Outre le droit temporaire dont nous venons de parler, le conjoint survivant a aussi droit, jusqu’à son propre décès, au logement qu’il occupait effectivement comme habitation principale à l’époque du décès.

À la différence du droit temporaire dont il vient d’être fait état, il faut que l’habitation soit la propriété de la succession ou qu’elle ait appartenu aux deux époux. Le conjoint a droit, en plus, à l’usage du mobilier garnissant ce logement.

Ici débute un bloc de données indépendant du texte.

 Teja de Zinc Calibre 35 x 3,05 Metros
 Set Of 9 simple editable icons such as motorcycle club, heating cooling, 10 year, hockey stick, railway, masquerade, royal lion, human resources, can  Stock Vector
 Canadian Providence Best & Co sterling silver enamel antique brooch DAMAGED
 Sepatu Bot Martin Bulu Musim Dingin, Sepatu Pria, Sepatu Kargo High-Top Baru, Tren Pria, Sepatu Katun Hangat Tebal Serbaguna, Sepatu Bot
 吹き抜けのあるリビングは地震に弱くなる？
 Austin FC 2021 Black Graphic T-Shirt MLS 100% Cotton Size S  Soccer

Cette disposition s’applique à condition que le conjoint survivant en fasse la demande dans l’année du décès3. Seule la volonté contraire du défunt, qui ne pourra être exprimée que devant notaire, pourra le priver de cette disposition.

Décès et bailleurs

Le sort des baux d’habitation relatifs à l’habitation principale

Nous venons de voir que le conjoint a pendant un an, au plus, droit à la poursuite du bail de l’habitation principale. La loi du 15 novembre 1999 qui régie les baux d’habitation, non soumis à la loi de 1948, protège, dans son article, les personnes suivantes, au bénéfice desquelles le bail est transféré en cas de décès :

  • Le conjoint survivant: qui bénéficie donc d’une double protection. Il peut être séparé de fait, ne pas habiteravec son conjoint locataire au moment du décès. Il est prioritaire.
  • les descendants, sans distinguer s’ils sont légitimes ou naturels, qui vivent avec le locataire depuis au moins un an à la date du décès;
  • le partenaire lié par un Pacs, sans condition de durée;
  • le concubin notoire, y compris le concubin homosexuel, vivant avec le locataire depuis au moins un an à la date du décès;
  • les personnes à charge vivant avec le locataire depuis au moins un an à la date du décès, à savoir celles dont les ressources s’avèrent insuffisantes pour subvenir personnellement à leurs besoins essentiels et qui bénéficient de l’aide effective et nécessaire du locataire,
  • les ascendants : père, mère, grand-père, grand-mère, vivant avec le locataire depuis au moins un an à la date du décès.

En cas de pluralité de bénéficiaires et de désaccord, le juge devra trancher en fonction des intérêts en présence.

A savoir

Les justificatifs à produire

La mise en œuvre de la poursuite du droit au bail suppose de fournir au propriétaire des éléments suivants:

  • pour le conjoint survivant ou les descendants : le livret de famille ;
  • pour le partenaire du Pacs : la production du certificat délivré par le greffe du tribunal d’instance ayant enregistré le pacte ;
  • pour les ascendants : la justification du lien de famille (par exemple, le livret de famille) et la justification de leur habitation dans les lieux ;
  • pour le concubin notoire : la preuve du concubinage stable et continu (par exemple, un certificat de concubinage délivré par la mairie du domicile, le registre des impôts mentionnant le nom du concubin en plus de celui du locataire), et la justification de leur habitation dans les lieux ;
  • pour les personnes à charge : la justification de la prise en charge par la production du registre des impôts mentionnant la charge de ces personnes et la justification de leur habitation dans les lieux.

Le sort des baux d’habitation de la loi du 1er septembre 1948

L’article 5 de ce texte applicable à certains immeubles achevés avant le 1 er septembre 1948 transmet le droit au maintien dans les lieux au conjoint et aux enfants mineurs jusqu’à leur majorité.

Le sort des baux d’habitation des résidences secondaires

L’application du droit commun défini par l’article 1 742 du Code civil fait que, normalement, le droit au bail tombe dans la succession du locataire.

Comme ces dispositions ne sont pas d’ordre public, les contrats prévoient souvent la résiliation du bail lors du décès du locataire.